Com os juros em mínimos históricos, a Agência de Gestão da Tesouraria e da Dívida Pública (IGCP), liderada por Cristina Casalinho desde o verão de 2014, avançou para a emissão de dívida a um prazo tão longo como 30 anos. É que, apesar de os juros de Portugal estarem nos níveis mais baixos de sempre, continuam a oferecer um prémio de risco que é, para muitos investidores, atrativo. Os 282 pontos base de prémio de risco oferecidos na emissão a 30 anos desta terça-feira – que, somadas às taxas base do mercado para esta maturidade originam a yield de 4,1% – são como um oásis no deserto das rendibilidades europeias neste momento. À Alemanha os investidores cobram uma rendibilidade de 1,22%.
“Portugal, à semelhança da Irlanda, que emitiu títulos a sete anos na semana passada, está a aproveitar a expectativa gerada pela reunião do BCE, agendada para o dia 22 de janeiro”, explica Steven Santos, gestor da corretora XTB Portugal. “Dadas as indicações do BCE relativamente a um programa de compra de dívida pública, os investidores têm reforçado a compra de obrigações dos países periféricos, o que beneficia diretamente Portugal”, acrescenta o especialista. E como conseguiu Portugal atrair um total de 14 mil milhões de euros em procura total na emissão de dívida a 10 e 30 anos a pouco mais de uma semana das eleições gregas?
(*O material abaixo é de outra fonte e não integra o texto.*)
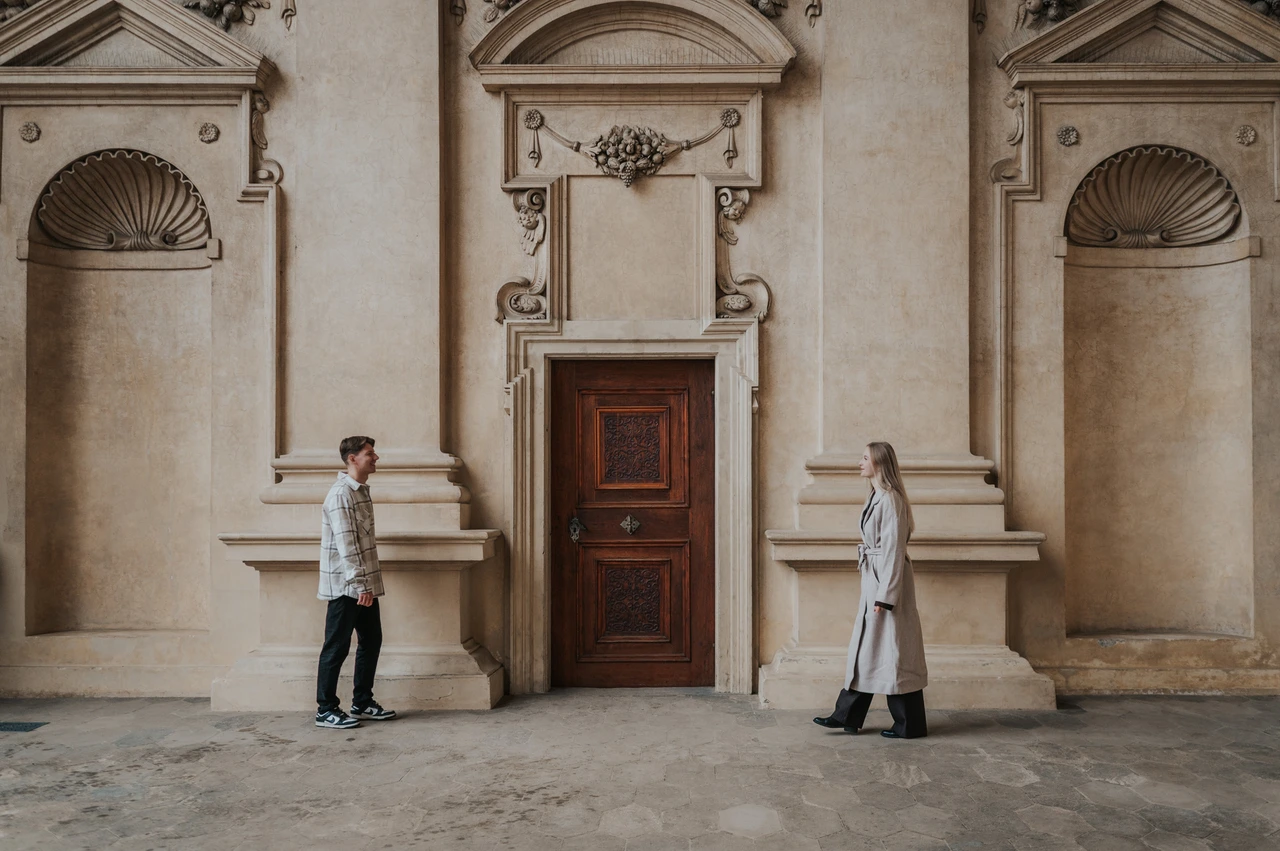 Prague couple photoshoot: facing each other across the arcade doorway Wide view of the couple facing each other across an ornate wooden doorway during their Prague couple photoshoot.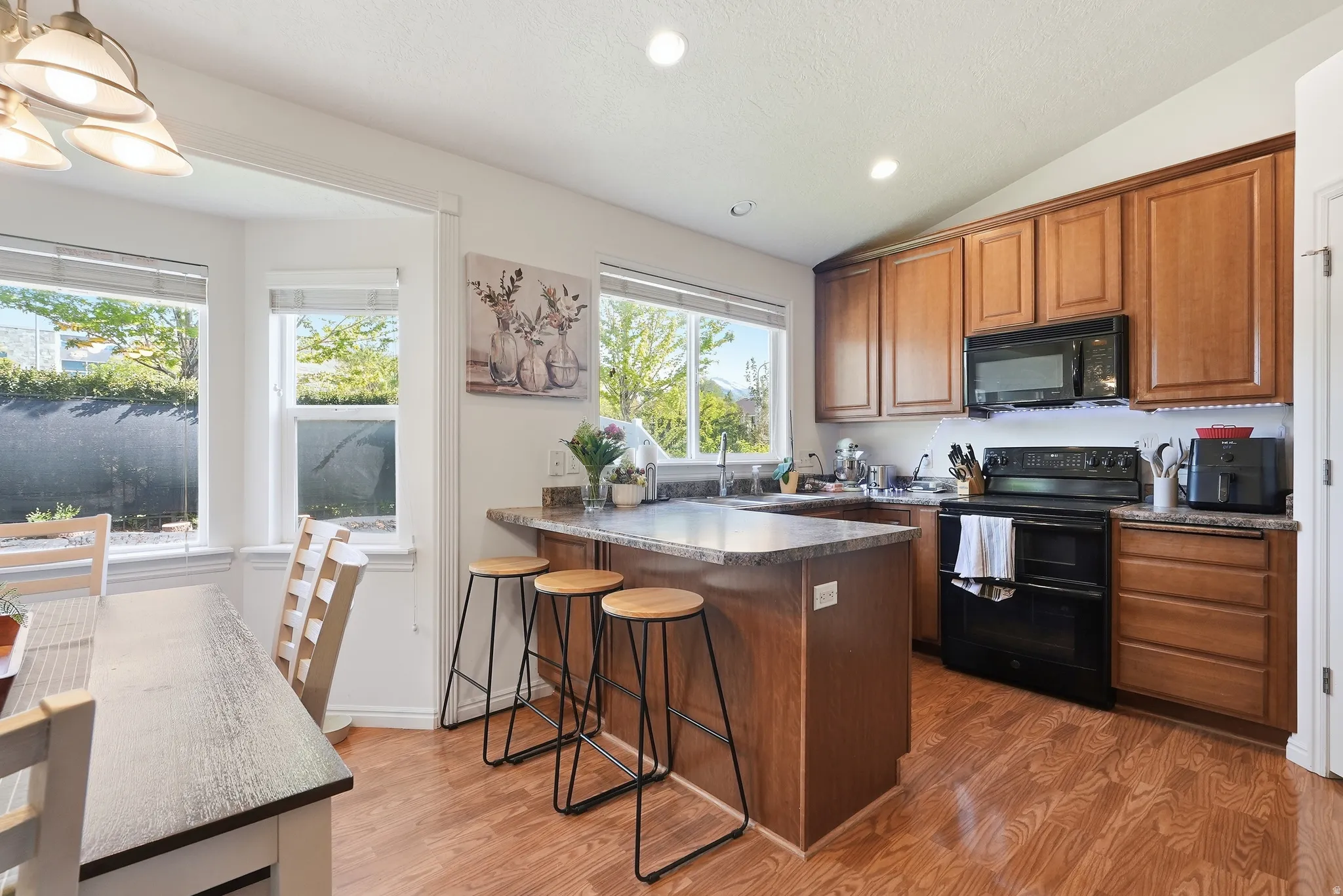 Open-concept kitchen featuring wood-finish flooring, a central island with bar seating, and ample cabinetry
“Os investidores internacionais já não vendem obrigações europeias de forma indiscriminada assim que a Grécia revela instabilidade política, ao contrário do que acontecia em 2012. O papel do BCE evoluiu e tornou-se mais interventivo nos últimos dois anos, o que protege Portugal num cenário de incerteza política num dos países membros do euro“, salienta o especialista, ao Observador.
Nenhum especialista arriscará dizer que a tendência de alívio nos juros é irreversível e pode ser tomada como garantida. Até porque, como escreveu o Observador à entrada no novo ano, 2015 apresenta-se como um ano cheio de riscos negativos para os mercados financeiros europeus e mundiais. O maior perigo, no imediato, para Portugal e para os outros países periféricos que têm beneficiado de taxas mais baixas, é que o BCE não corresponda às expectativas elevadas que se criaram nos últimos meses. É forte a pressão sobre Mario Draghi, sobretudo por parte do Governador alemão, Jens Weidmann, para que o BCE não abra o precedente de comprar dívida pública dos Estados membros e para que o banco central aguarde, pacientemente, que o efeito da queda dos preços da energia passe e a zona euro possa, acreditam, voltar à normalidade no que à taxa de inflação diz respeito.
É certo que, ao contrário do que acontecia em 2012, os olhos dos mercados já não estão sobre Portugal. As atenções estão completamente viradas para o que irá fazer o BCE numa altura em que nos EUA já se discute o momento ideal para fazer a primeira subida da taxa de juro. Mas a emissão a 30 anos não deixa de ser vista, também, como uma prova de que “Portugal conseguiu convencer o mercado da qualidade do seu crédito”, como veio a Lisboa dizer Klaus Regling, presidente do Mecanismo Europeu de Estabilidade (MEE). Um responsável que, apesar de tudo, notou “alguns retrocessos” no caminho de reformas estruturais executadas por Portugal nos últimos meses.